Solté una carcajada. Pelagueia Ivánovna reía y golpeaba con saña un tronco con el atizador…

-Usted dirá lo que quiera, pero eso es un chiste -dije-; ¡no puede ser verdad!

-¿¡Un chiste!? ¿¡Un chiste!? -exclamaron las comadronas, a cual más fuerte.

-¡No! -exclamó con enojo el enfermero-. Aquí, sabe usted, la vida toda está hecha de esos chistes… Aquí ocurren cosas como ésa…

-¡Y el azúcar! -exclamó Ana Nikoláievna-. ¡Cuéntenos lo del azúcar, Pelagueia Ivánovna!

Pelagueia Ivánovna cerró la estufa y comenzó a hablar, con la vista baja.

-Voy un día a ese mismo Dúltsevo a ver a una parturienta…

-Ese Dúltsevo es famoso -no pudo contenerse el enfermero, y añadió-: ¡Perdón! ¡Continúe, colega!

-Bien, como es natural, la examino -continuó la colega Pelagueia Ivánovna-, y siento bajo mis dedos algo incomprensible en el canal de parto… Algo que estaba suelto, una especie de trocitos… Era ¡azúcar refinado!

-¡Ese sí es un chiste! -hizo notar solemnemente Demián Lukich.

-Un momento…, no entiendo nada…

-¡La abuela! -replicó Pelagueia Ivánovna-. La curandera se lo había enseñado. Tendrá, le había dicho, un parto difícil. El bebé no quiere salir a este mundo de Dios. En consecuencia, hay que atraerlo. ¡Así que decidieron seducirlo con dulce!

-¡Qué horror! -dije.

-A las parturientas les dan a masticar cabellos -dijo Ana Nikoláievna.

-¡¿Para qué?!

-Quién sabe. Tres veces nos han traído parturientas así. Aquella pobre mujer estaba acostada y no hacía más que escupir. Tenía la boca llena de cerdas. Es por superstición. Creen que así el parto será más sencillo…

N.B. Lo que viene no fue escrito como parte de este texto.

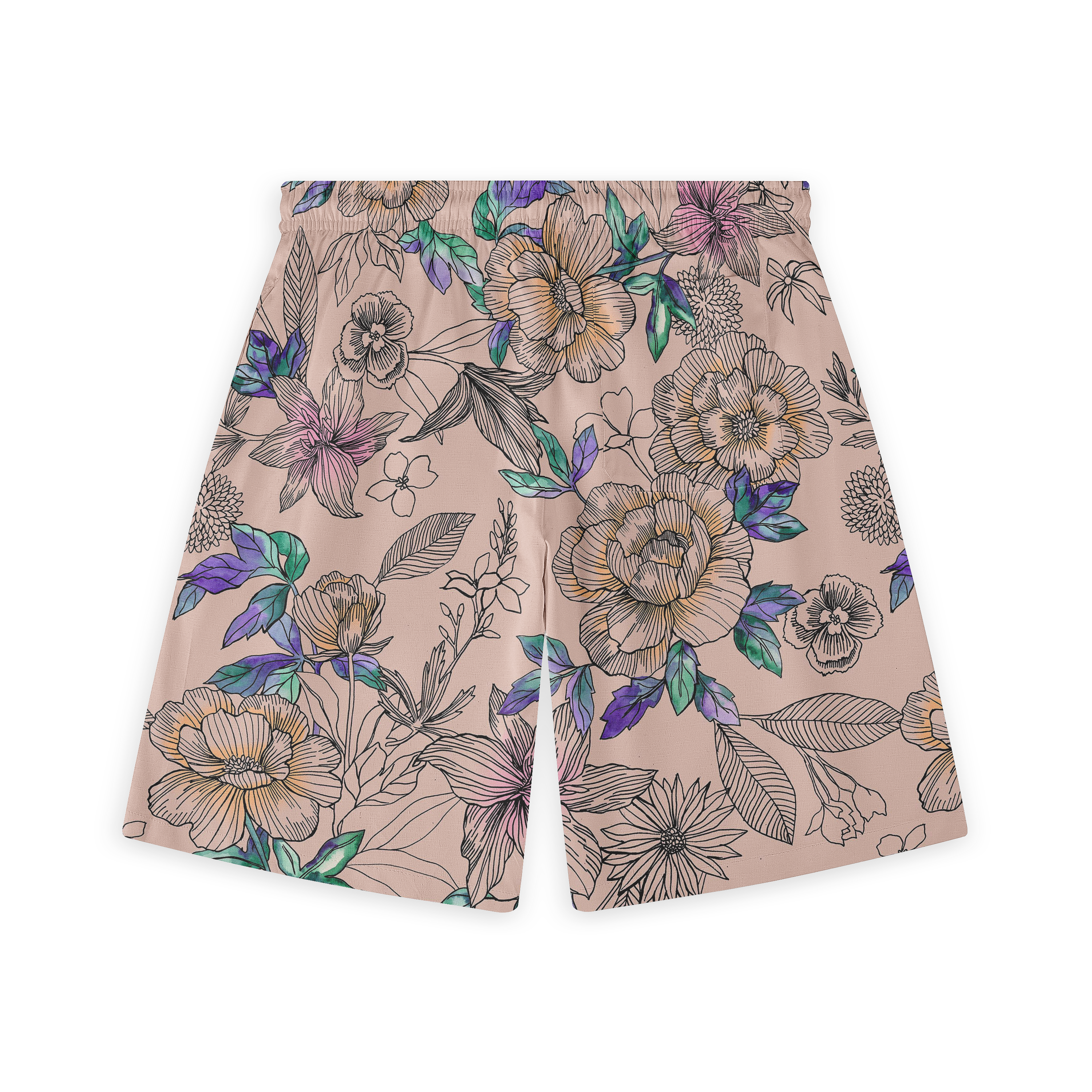 Back view of shorts with a delicate floral pattern in shades of purple, green, and orange on a light beige background.​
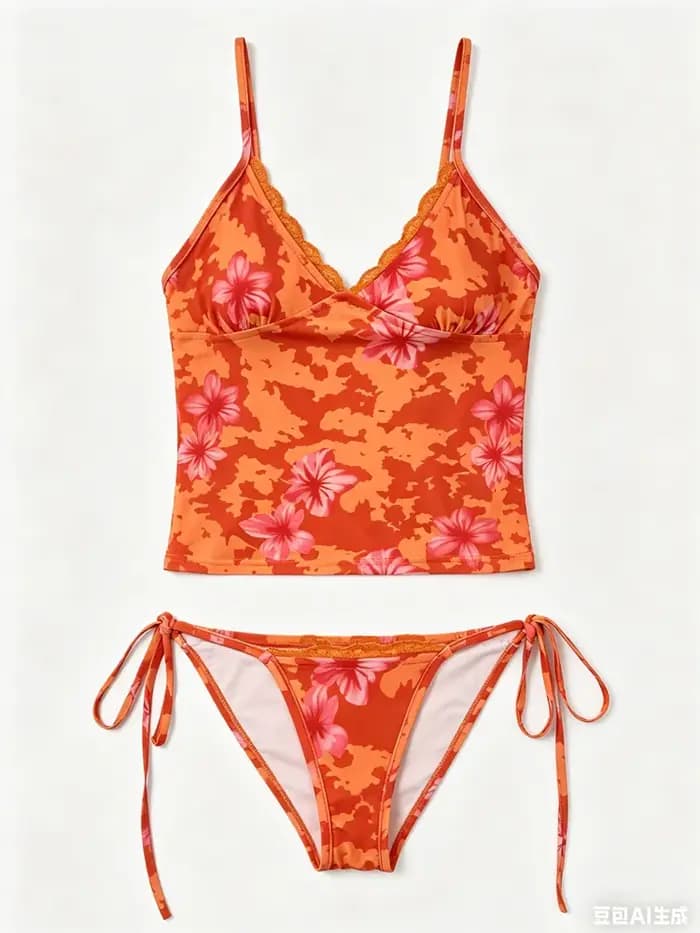 Été Orange Floral Imprimé Tankini Ensemble pour les Femmes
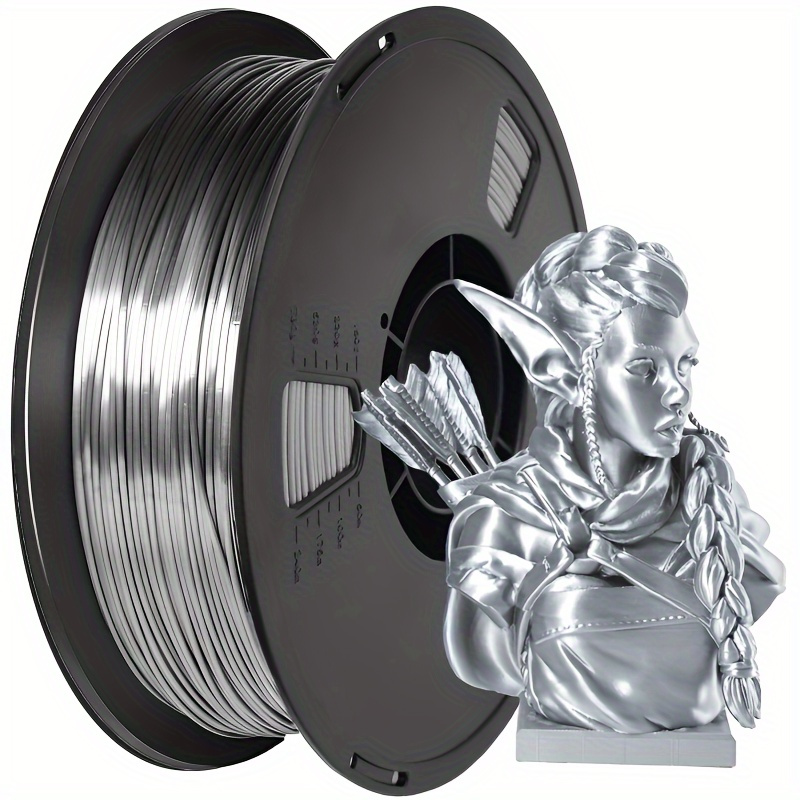 

Silk Silvery 250g 3d Printer Pla Filament, Diameter 1.75mm, 1.75+/-0.03mm , Suitable For Most Fdm 3d Printers And 3d Pens.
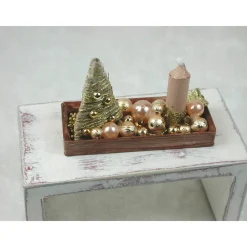 Clearance Rechteckige goldene  Platte mit beiger Kerze in weihnachtlicher  Dekoration Kerzen & Beleuchtung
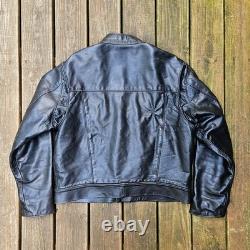 Champlain Leather Racer Motorcycle Jacket Black Size 48 Made In USA $625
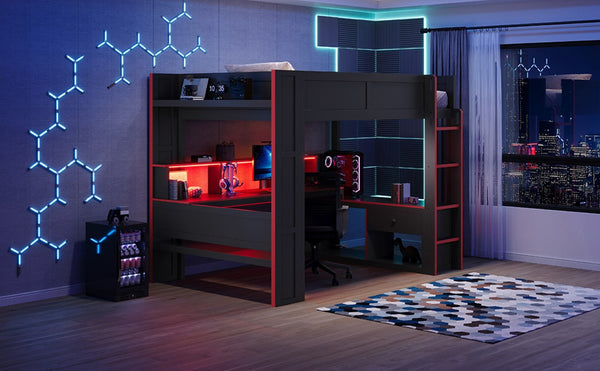 English Elm Wood Full Size Gaming Loft Bed with LED Lighting Desk Shelves and Charging Station SM000374AAJ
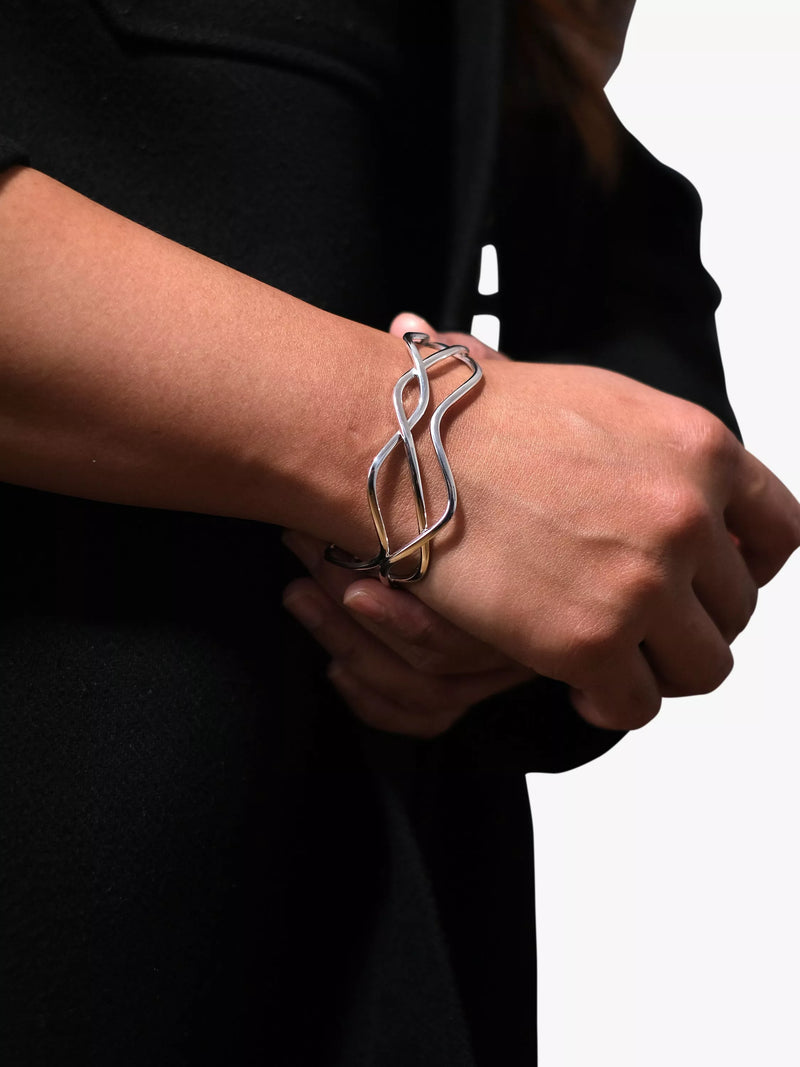 Andea sterling silver woven wire cuff bracelet (British brand)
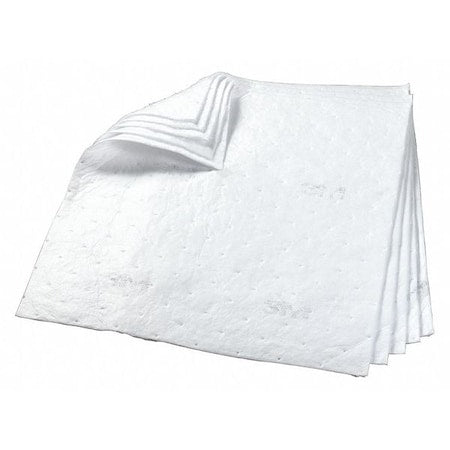 Sorbent Pad, 75 gal, 34 in x 38 in, Oil, White, 50 PK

Los ojos de las comadronas brillaban por los recuerdos. Estuvimos largo rato sentados junto al fuego, tomando té. Yo escuchaba sus relatos como embrujado. Contaban cómo, cuando era necesario llevar a la parturienta de la  aldea  al  hospital,  Pelagueia  Ivánovna  siempre  iba detrás en su trineo por si cambiaban de opinión durante el camino y llevaban de nuevo a la parturienta a las manos de la comadrona de la aldea. Contaban cómo, en cierta ocasión, a una parturienta que tenía al bebé en una posición incorrecta, la colgaron del techo cabeza abajo, para que el niño se diera la vuelta. Contaban que una comadrona de la aldea de Korobovo, que había oído decir que los médicos hacen un corte en la bolsa de aguas, llenó de cortes la cabeza del bebé con un cuchillo de cocina, de tal forma que ni siquiera una persona tan famosa y hábil como Liponti pudo salvarle y menos mal que pudo salvar a la madre. Contaban cómo…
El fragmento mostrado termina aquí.